Mr Hynek Mergental, Honorary Senior Lecturer at the University of Birmingham and Consultant Surgeon at the UHB Liver Unit said: "Whilst liver transplantation is one of the most advanced surgical procedures, up to now, there has been no objective mean to assess suitability of donor livers for transplantation. The VITTAL trial validated our pre-clinical research and pilot clinical observations and these viability criteria can now guide transplant teams worldwide to provide access to the life-saving transplantation to more patients in need."

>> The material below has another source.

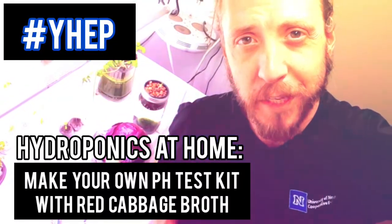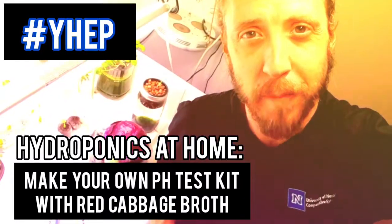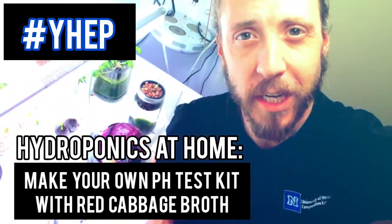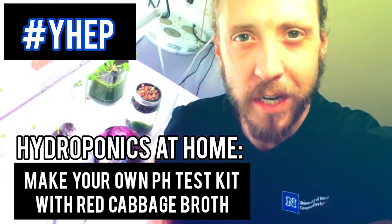Yo, what's good plant fam? Ian here with Extension's Youth Horticulture Education Program. Today we're going to talk about the importance of checking pH levels in hydroponics and how you can make your own pH testing solution and test strips out of red cabbage broth.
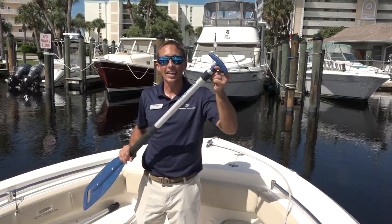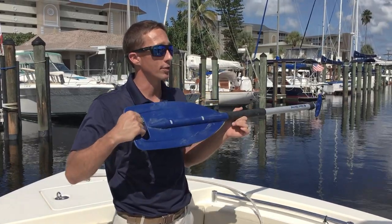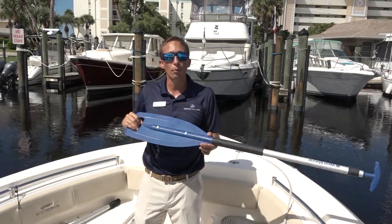You can use the T-handle as your hook, and the paddle has a grip so you can use it to help somebody over, or hook onto a cleat and pull the boat close.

Mr Thamara Perera, Consultant Transplant Surgeon at UHB explains: "This ground breaking trial has proven that objective parameters can be used for making a decision to use a borderline liver. The observed 100% study participants post-transplant survival was reassuring and provided our patients and the surgical team with confidence to implement and further expand this approach, which now helps the sickest patients on our waiting list to underwent transplantation sooner and safer."
Tim Knott, Head of Innovation Programmes at the Wellcome Trust, said: "Many more patients who need liver transplants will benefit from this technology. Giving surgeons the tools to assess if a liver transplant will be viable will help the thousands of people who have chronic liver disease globally."
John Forsythe, Medical Director of Organ Donation and Transplantation for NHS Blood and Transplant, said: "New techniques of Organ perfusion and preservation are a vital developing area of organ donation and transplantation. We are delighted that a number of doctors and scientists in the UK are leading the way in this field of research. Each year a small number of donated organs are not transplanted for a variety of reasons. Transplant success relies on a significant amount of activity taking place in a short space of time. New techniques are already allowing us to transplant donated organs that would not have been possible in the past. More research in this area is likely to increase that ability."